By 14, she was her father's main accomplice in wholesaling
methamphetamine. At 17, she helped send him to prison for decades.
Now, can she escape the life she learned as a child?

This is what can happen when a kid grows up thinking Iowa's meth
epidemic is everyday life:

She will see nothing unusual about trying meth at 12. Or quitting
school after eighth grade to help her dad sell it. Or driving alone in
a black-windowed Oldsmobile, at 14, to buy hundreds of doses from
smugglers and then deliver them to street dealers.

When the meth life seems normal, others will accept the girl's role
without question.

"Me and my dad, we were best friends," she will say later. "He always
saw it as teaching me. He always said I was just like him. People knew
I was my dad's other half."

She will consider it all routine, until federal agents bust them when
she is 17. Until prosecutors force her to testify against her father.
Until she can look back on her lost childhood through sober eyes.

The girl, Amanda Peterson of Sioux City, is a 20-year-old woman now.
She considers herself lucky to have been caught. No one is counting
how many other children are slipping past, unnoticed.

Addiction counselors and law officers who have heard Peterson's story
say it is dramatic, but not unique. During meth's decade-and-a-half
reign in Iowa, they have become accustomed to families that pass the
habit from generation to generation.

"We know the parents, we know the grandparents, and it's just a matter
of time before we get to know the kids," said Tom Duncan, the U.S.
Drug Enforcement Administration's leader in Sioux City.

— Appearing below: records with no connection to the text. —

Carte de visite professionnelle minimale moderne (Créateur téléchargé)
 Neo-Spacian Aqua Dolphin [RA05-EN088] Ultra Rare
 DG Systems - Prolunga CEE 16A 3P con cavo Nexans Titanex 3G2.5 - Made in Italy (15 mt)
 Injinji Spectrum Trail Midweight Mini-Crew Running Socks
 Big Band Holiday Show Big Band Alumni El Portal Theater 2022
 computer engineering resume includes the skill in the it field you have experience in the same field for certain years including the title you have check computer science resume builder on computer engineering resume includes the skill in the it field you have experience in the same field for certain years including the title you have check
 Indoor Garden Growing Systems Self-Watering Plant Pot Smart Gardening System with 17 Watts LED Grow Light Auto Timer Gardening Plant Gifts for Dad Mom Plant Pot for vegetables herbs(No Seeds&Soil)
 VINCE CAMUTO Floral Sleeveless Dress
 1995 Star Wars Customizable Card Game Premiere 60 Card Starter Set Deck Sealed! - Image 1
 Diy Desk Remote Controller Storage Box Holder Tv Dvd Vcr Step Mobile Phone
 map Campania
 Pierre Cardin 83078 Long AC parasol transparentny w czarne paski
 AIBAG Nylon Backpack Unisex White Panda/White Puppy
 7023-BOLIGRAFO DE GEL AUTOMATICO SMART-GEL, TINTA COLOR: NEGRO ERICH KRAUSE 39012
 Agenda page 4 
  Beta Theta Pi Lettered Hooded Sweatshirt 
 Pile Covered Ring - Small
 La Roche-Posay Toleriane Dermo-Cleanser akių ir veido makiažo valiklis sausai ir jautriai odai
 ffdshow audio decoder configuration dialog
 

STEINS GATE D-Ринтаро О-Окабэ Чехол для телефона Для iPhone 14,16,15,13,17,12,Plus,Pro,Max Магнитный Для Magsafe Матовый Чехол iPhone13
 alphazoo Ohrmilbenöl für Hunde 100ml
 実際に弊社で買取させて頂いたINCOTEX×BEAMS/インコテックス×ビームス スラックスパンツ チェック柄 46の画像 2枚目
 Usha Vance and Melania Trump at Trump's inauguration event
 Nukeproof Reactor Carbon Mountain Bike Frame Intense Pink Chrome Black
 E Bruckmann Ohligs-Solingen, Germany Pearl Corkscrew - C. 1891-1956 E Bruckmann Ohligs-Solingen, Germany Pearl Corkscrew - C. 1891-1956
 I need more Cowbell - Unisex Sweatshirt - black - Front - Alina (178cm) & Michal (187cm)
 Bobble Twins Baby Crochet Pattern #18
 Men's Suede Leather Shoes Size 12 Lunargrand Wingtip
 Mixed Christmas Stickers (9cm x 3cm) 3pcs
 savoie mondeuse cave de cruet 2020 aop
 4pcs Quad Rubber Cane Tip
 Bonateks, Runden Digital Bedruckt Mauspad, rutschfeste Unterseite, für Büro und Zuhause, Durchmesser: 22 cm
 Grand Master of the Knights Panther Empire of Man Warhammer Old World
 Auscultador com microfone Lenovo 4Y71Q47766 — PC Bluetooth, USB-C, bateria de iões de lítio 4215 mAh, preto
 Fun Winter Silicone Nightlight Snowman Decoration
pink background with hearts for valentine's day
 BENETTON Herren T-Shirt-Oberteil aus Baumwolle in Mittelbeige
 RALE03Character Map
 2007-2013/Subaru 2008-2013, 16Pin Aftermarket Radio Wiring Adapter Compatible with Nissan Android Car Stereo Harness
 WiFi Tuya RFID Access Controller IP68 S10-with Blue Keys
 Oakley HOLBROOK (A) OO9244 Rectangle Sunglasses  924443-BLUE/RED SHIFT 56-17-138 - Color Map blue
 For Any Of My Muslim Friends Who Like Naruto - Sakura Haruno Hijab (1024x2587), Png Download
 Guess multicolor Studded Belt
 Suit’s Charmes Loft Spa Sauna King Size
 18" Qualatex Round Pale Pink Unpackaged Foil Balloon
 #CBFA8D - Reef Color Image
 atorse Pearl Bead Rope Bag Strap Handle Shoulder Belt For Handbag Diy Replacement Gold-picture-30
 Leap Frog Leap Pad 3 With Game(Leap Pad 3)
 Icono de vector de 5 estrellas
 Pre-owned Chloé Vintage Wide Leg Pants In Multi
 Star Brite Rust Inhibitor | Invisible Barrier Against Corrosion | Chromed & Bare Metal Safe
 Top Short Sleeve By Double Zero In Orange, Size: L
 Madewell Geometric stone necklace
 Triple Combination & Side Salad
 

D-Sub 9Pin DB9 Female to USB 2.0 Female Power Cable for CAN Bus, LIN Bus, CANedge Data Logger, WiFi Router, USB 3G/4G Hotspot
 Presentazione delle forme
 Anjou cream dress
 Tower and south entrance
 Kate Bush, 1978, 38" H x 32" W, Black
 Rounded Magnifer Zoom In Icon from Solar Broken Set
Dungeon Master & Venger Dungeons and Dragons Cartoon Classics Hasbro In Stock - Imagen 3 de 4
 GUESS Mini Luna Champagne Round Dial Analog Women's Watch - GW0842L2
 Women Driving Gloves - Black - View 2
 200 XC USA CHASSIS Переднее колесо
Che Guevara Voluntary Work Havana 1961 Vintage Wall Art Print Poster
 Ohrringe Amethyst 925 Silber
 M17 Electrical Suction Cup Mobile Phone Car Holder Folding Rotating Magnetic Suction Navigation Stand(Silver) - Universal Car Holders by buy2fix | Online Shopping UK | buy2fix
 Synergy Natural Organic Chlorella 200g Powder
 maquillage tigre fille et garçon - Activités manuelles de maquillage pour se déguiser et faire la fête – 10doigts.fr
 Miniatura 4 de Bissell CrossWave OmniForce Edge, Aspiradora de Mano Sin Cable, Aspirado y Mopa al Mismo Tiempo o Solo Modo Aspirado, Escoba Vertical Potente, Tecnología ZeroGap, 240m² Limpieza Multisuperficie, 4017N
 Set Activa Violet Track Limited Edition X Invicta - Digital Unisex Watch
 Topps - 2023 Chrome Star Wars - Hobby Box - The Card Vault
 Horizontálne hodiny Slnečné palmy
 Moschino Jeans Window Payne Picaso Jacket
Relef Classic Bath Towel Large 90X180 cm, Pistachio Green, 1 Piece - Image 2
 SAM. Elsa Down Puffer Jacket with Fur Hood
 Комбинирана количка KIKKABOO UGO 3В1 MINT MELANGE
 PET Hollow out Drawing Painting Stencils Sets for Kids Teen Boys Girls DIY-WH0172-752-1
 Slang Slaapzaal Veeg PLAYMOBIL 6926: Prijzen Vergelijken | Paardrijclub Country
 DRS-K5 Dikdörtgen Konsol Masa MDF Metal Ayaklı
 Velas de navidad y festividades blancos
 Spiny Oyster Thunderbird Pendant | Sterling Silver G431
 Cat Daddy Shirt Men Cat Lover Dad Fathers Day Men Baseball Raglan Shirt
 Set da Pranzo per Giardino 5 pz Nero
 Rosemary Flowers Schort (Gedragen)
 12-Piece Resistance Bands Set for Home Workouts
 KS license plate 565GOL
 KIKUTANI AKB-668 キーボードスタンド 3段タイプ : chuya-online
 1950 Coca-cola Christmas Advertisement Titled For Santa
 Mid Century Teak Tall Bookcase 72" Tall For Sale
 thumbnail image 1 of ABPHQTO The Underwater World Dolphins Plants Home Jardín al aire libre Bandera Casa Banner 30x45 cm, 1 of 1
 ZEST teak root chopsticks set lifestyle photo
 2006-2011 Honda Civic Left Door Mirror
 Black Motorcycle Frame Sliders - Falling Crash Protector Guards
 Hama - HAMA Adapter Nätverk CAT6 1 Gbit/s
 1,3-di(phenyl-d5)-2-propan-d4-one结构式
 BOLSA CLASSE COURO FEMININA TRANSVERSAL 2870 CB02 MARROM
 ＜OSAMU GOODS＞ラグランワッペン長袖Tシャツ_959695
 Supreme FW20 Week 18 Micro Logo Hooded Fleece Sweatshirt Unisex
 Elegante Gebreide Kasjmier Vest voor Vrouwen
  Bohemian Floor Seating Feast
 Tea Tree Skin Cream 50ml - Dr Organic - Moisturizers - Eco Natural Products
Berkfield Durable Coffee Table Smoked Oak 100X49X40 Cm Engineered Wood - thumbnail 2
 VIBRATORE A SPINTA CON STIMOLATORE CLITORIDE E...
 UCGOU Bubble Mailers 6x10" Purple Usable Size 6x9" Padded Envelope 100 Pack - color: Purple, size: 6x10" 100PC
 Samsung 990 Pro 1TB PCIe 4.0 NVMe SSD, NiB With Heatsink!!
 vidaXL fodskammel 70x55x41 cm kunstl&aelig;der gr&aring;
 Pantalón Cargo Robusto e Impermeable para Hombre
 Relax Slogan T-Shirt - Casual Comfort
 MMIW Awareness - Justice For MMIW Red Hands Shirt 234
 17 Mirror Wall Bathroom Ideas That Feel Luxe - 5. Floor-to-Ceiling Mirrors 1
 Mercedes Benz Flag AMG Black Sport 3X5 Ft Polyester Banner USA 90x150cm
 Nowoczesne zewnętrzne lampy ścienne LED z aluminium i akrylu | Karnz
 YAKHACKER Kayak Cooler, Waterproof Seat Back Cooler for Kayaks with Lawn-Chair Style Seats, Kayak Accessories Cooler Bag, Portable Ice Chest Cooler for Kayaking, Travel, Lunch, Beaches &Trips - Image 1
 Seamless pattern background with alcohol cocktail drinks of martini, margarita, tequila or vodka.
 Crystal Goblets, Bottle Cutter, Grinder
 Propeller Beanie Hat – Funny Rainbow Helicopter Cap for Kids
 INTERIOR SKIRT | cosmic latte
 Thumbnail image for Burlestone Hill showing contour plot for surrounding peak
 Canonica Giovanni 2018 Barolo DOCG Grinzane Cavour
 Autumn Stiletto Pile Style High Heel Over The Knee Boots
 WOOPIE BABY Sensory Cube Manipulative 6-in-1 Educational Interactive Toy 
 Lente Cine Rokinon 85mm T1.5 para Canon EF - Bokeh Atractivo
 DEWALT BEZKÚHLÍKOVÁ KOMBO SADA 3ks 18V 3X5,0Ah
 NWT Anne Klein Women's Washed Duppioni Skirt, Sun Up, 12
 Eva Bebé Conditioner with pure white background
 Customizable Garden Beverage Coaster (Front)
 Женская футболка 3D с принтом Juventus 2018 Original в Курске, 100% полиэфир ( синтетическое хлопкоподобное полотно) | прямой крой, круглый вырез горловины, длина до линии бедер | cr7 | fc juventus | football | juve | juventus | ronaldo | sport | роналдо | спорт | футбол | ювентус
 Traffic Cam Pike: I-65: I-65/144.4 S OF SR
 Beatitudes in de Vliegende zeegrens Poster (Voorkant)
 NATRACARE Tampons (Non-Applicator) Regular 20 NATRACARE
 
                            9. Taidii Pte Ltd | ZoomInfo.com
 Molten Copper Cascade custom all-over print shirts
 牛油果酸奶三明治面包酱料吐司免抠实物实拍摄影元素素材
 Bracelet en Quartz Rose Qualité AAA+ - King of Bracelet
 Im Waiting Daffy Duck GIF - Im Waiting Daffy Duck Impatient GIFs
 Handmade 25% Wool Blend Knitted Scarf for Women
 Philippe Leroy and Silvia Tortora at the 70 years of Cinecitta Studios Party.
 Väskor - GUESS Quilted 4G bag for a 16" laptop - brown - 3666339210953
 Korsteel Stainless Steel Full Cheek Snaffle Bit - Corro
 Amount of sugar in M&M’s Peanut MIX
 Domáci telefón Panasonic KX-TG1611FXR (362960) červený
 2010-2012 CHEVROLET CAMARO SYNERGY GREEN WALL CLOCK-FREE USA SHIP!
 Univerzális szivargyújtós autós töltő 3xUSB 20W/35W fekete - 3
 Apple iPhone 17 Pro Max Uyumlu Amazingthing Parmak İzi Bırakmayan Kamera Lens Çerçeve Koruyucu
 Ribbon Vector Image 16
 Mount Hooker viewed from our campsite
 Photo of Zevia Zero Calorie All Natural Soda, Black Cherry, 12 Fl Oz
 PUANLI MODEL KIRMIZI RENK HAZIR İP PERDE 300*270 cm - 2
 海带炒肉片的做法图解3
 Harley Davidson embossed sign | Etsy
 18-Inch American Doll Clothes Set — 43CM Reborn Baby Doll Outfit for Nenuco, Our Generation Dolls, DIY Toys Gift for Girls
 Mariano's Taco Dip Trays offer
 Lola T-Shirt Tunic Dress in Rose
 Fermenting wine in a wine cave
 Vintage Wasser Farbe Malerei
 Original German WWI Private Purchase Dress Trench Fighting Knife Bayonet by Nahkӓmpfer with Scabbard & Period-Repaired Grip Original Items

Police have always struggled with families that are prone to crime.
But meth compounds the problem by devouring parents' ability to
consider consequences.

"You've been up for three days in a row. You're not thinking about
what's best for the kids," Duncan said. "You're not going to do the
right thing."

Look at the family snapshot of Amanda at 10, clad in a pink shirt and
sweet smile. Less than two years after that picture was taken, she was
regularly using meth. How long would she have remained a child if
everyone had done the right thing?

Her grandmother, Ruth Peterson, was not part of the meth scene Duncan
described. She remembers what her granddaughter was like before drugs.
A friendly kid. Chatty. Free-spirited. Strong-willed. "Amanda's always
been extremely bright, which makes her act older than she is," she
said.

That trait should help her now, the grandmother said. Lord knows how
it's hurt her in the past.

No one describes Amanda Peterson's early years as idyllic. She
remembers growing up in the working-class neighborhood of Greenville,
where she was the oldest of three half-siblings in a family plagued by
domestic violence and hard living. In grade school, she said, she was
simultaneously placed in "talented and gifted" classes and sent to a
counselor because of fights and emotional outbursts.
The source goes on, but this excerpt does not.